Servaz lui lança un regard interrogateur.

— J’ai pris la liberté de réunir ton groupe, Martin. Tu te sens d’attaque ?

Servaz eut un nouveau hochement de tête affirmatif, mais ce n’était pas vrai. Il sentit que le regard de Kirsten le transperçait.

Dix heures du matin. Étaient présents Vincent Espérandieu, Samira Cheung, Pujol et trois autres membres du groupe d’enquête numéro 1, plus Malleval, qui dirigeait la Direction des affaires criminelles, Stehlin lui-même, Escande, un des cinq flics de la Financière chargée de la cybercriminalité, et Roxane Varin, descendue de l’étage de la Sécurité publique pour représenter la Brigade des mineurs.

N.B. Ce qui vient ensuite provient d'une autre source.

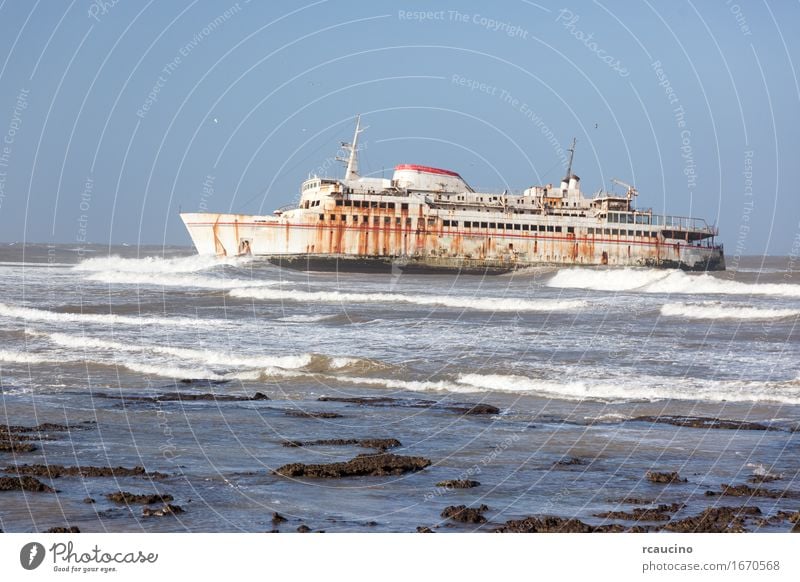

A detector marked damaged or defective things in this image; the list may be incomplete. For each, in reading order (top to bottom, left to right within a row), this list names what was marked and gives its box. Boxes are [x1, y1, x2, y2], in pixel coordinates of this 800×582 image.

corroded hull [180, 214, 724, 274]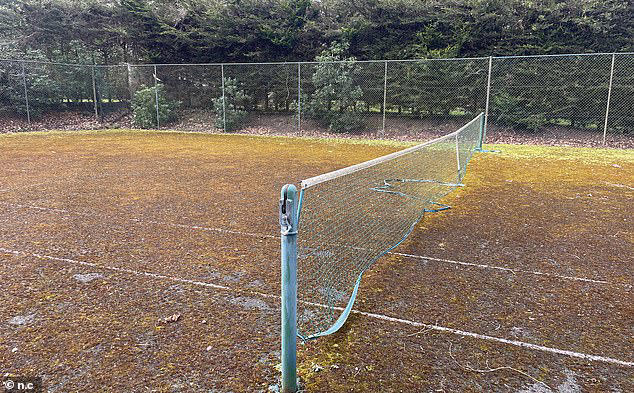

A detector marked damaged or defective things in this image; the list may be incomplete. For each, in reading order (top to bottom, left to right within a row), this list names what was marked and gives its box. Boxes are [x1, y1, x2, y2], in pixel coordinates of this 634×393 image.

torn tennis net [294, 112, 482, 336]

Kirsten observait tout ce petit monde ainsi que Servaz, à la dérobée ; assis à sa gauche, il avait l’air ailleurs. Il lui avait rapidement raconté sa relation à distance avec Hirtmann. Comment le tueur suisse s’était évadé de cet hôpital psychiatrique dans les Pyrénées. Comment il avait enlevé une femme que Servaz connaissait (et, à certaines hésitations, elle avait cru deviner que cette « connaissance » ne se limitait pas à une simple amitié). Comment l’un et l’autre avaient disparu de la circulation sans donner d’autres nouvelles qu’une boîte isotherme expédiée de Pologne cinq ans plus tôt, une boîte à l’intérieur de laquelle se trouvait un cœur — un cœur que, dans un premier temps, Servaz avait cru appartenir à son amie Marianne avant que les analyses ADN n’apportent un démenti.

C’était une histoire incroyable, mais le flic français la lui avait racontée avec un détachement étrange — comme s’il parlait de quelqu’un d’autre, comme si ce n’était pas à lui que toutes ces choses horribles étaient arrivées, comme si ça ne le concernait pas. Il y avait quelque chose dans son attitude qu’elle n’arrivait pas à s’expliquer.

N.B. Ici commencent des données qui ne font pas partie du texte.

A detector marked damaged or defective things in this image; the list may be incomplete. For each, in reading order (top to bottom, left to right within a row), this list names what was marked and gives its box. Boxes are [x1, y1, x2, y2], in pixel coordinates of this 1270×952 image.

— Je vous présente Kirsten Nigaard, de la police d’Oslo, commença-t-il. En Norvège, crut-il bon de préciser.

Elle scruta chaque visage pendant qu’il leur résumait ce que lui-même venait d’apprendre. Elle eut l’impression que tous dévisageaient Servaz avec la plus grande attention. Ils ne se contentaient pas de l’écouter : ils l’observaient. Ce n’était pas seulement ses propos — c’était lui qui les intéressait.

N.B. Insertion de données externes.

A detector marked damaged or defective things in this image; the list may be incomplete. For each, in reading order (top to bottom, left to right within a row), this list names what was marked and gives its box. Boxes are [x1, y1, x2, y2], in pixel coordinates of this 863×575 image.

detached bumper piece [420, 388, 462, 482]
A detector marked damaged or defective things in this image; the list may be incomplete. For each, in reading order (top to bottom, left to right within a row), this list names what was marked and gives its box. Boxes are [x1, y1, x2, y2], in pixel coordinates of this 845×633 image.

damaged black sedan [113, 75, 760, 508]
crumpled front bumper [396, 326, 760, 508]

Puis, quand il annonça que la trace de Julian Hirtmann avait été retrouvée en Norvège, l’attitude de l’auditoire se modifia sensiblement. Ils cessèrent de le fixer et échangèrent des regards. Toute la décontraction des premières minutes disparut d’un coup ; elle sentit une atmosphère plus lourde, une humeur morbide s’installer, tandis que les regards allaient et venaient de Servaz à elle.

— Kirsten, dit-il finalement en se tournant vers elle.

Elle fit silence pendant une demi-seconde, et on entendit le bruit de la pluie dehors, comme une pulsation. Elle se tourna vers l’assistance et éleva la voix :

— Nous nous sommes rapprochés d’Eurojust, annonça-t-elle. Une enquête internationale se met en place petit à petit dans cinq pays pour commencer : Norvège, France, Pologne, Suisse, Autriche.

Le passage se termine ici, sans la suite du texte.